Ce projet de loi crée une procédure administrative permettant à l’État ou aux collectivités territoriales, par dérogation au principe d’inaliénabilité, de restituer les biens culturels appartenant à leurs collections qui auraient été spoliés dans le contexte des persécutions antisémites perpétrées entre 1933 et 1945, après avis de la CIVS sur l’existence de la spoliation et ses circonstances.
Cette procédure nous apparaît satisfaisante à plusieurs titres. Tout d’abord, la rédaction garantit que la restitution s’impose aux personnes publiques lorsqu’il est établi que le bien a fait l’objet d’une spoliation. Ensuite, le périmètre de la procédure est suffisamment large pour qu’elle soit applicable à tous les types de biens culturels relevant du domaine public, y compris le mobilier, les livres et les instruments de musique, mais aussi aux différentes formes de spoliations liées à des persécutions antisémites, quels que soient la personne responsable et le lieu de leur perpétration.
Enfin, le recours à la CIVS garantit un examen scientifique et impartial. Son expertise en matière de caractérisation des spoliations est reconnue et sa compétence en matière de biens culturels est assurée depuis la réforme intervenue en 2018. Son avis ne doit cependant revêtir qu’un caractère simple, afin de responsabiliser les collectivités publiques et conserver une dimension symbolique à la décision de restitution. Le risque que son avis ne soit pas suivi semble assez faible.

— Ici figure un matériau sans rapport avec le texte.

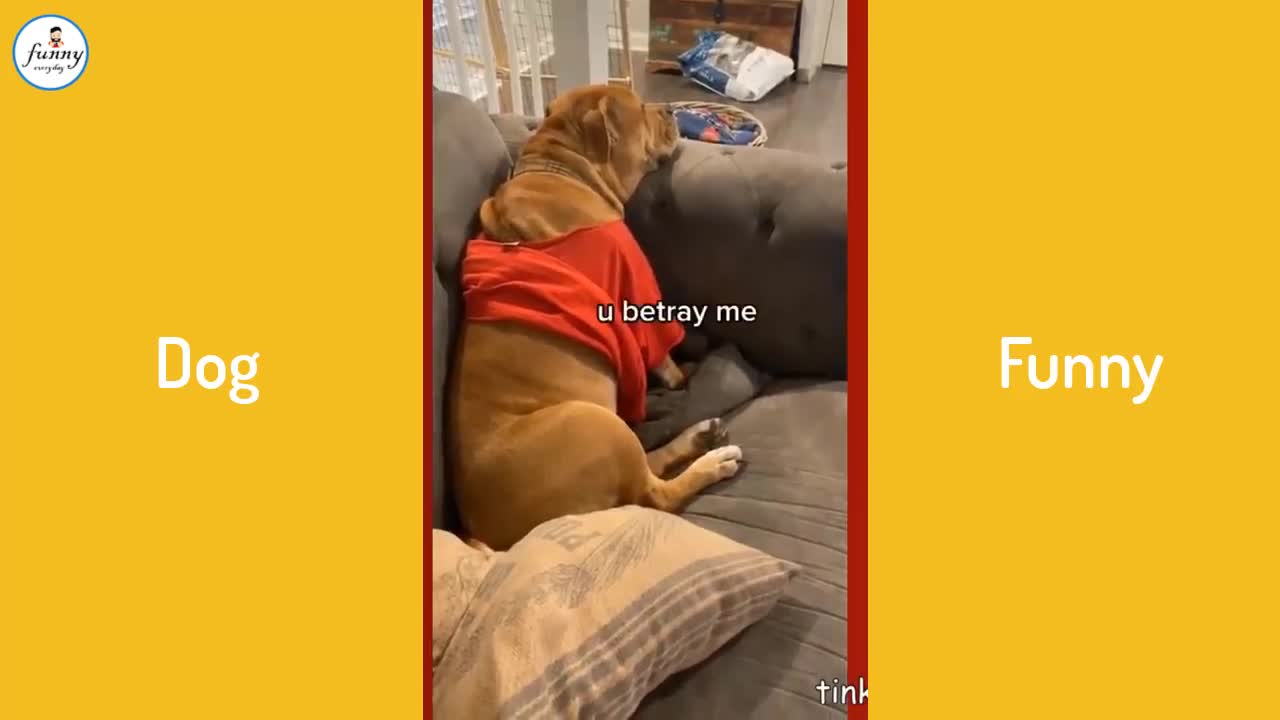 🤣Funny Dog Videos 2021🤣 🐶 Dog Cute , Dog angry lovely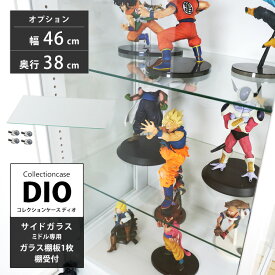 地球家具 コレクションラック DIO ディオ 側面ガラスタイプ専用 追加ガラス棚板 単品 （ ガラス棚板のみ） ( 奥行38cm用 深型 ) コレクションケース ガラスケース ディスプレイラック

L’une des innovations de ce projet de loi est la possibilité offerte aux parties de conclure un accord amiable sur des modalités de réparation autres que la restitution, une fois le principe de celle-ci obtenu par les victimes, par exemple le maintien du bien dans la collection publique en contrepartie d’une compensation financière.
Cette disposition est évidemment avantageuse pour la préservation des collections publiques. Comme l’a montré la transaction conclue entre le musée Labenche de Brive-la-Gaillarde et les héritiers d’un propriétaire allemand spolié, elle pourrait aussi intéresser des familles, en leur garantissant que demeure, dans un lieu accessible au public, une trace mémorielle de la spoliation dont elles ont été victimes. Quoi qu’il en soit, il n’est pas contestable qu’elle constitue une solution juste et équitable au même titre que la restitution, puisqu’elle ne pourra en aucune manière être imposée et qu’elle préserve la reconnaissance de la spoliation et sa juste indemnisation.

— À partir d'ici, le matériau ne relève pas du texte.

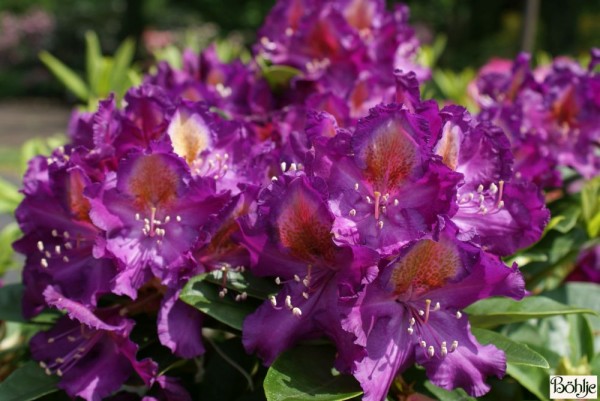 Rhododendron Hybride 'Tamarindos'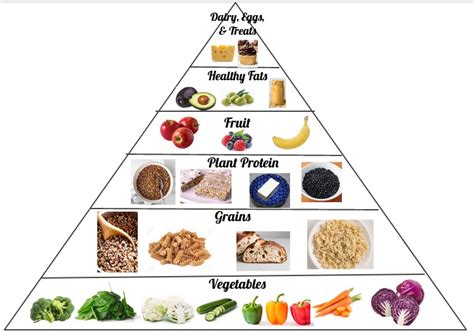 Let's uncover the truth behind the vegan food pyramid. Vegetarian Food Pyramid : vegetarian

Il reste que sa mise en œuvre pourrait néanmoins se heurter à une problématique financière, compte tenu de la faiblesse des crédits d’acquisition dont disposent les établissements. Cela soulève la question des moyens qui seront déployés pour garantir la bonne application de cette loi. J’y reviendrai.

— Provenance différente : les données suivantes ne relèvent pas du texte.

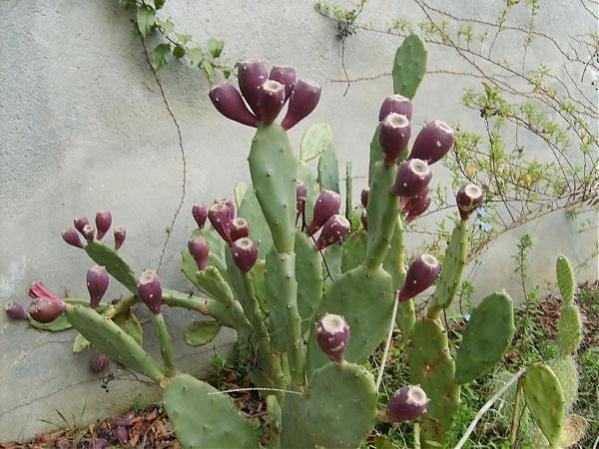 Name:  opuntia (600 x 450).jpg
Views: 221719
Size:  54.4 KB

L’article 2 autorise les propriétaires des musées privés ayant reçu l’appellation « musée de France » à restituer, après avis de la CIVS, les biens spoliés de leurs collections acquis par dons ou legs ou avec le concours financier d’une collectivité publique, dans la mesure où ils sont en principe incessibles, sauf à un autre musée de France. La commission est favorable à cette disposition. Elle permet non seulement de lever les obstacles juridiques qui pourraient bloquer la restitution de certains biens spoliés par des musées privés, mais aussi d’inciter les propriétaires de ces établissements à engager des recherches sur la provenance de leurs collections. La commission a d’ailleurs adopté deux amendements visant à faciliter sa bonne application.
Si le projet de loi crée l’impulsion qui nous faisait défaut en facilitant les restitutions, il reste encore un immense travail qui ne pourra se faire à moyens constants, sauf à décevoir les espoirs suscités par ce projet de loi.
Malgré les progrès réalisés ces dernières années, l’engagement de la France en termes humains et financiers reste modeste en comparaison avec celui de plusieurs de nos voisins européens : l’État fédéral allemand et les Länder ont consacré, depuis quinze ans, plus de 40 millions d’euros à la recherche de provenance des biens spoliés.
Pour mettre en œuvre ce projet de loi, les effectifs de la CIVS et de la mission de recherche et de restitution des biens culturels spoliés de votre ministère devront être renforcés. Le travail de recherche de provenance, clé de voûte des restitutions à venir, devra aussi être intensifié.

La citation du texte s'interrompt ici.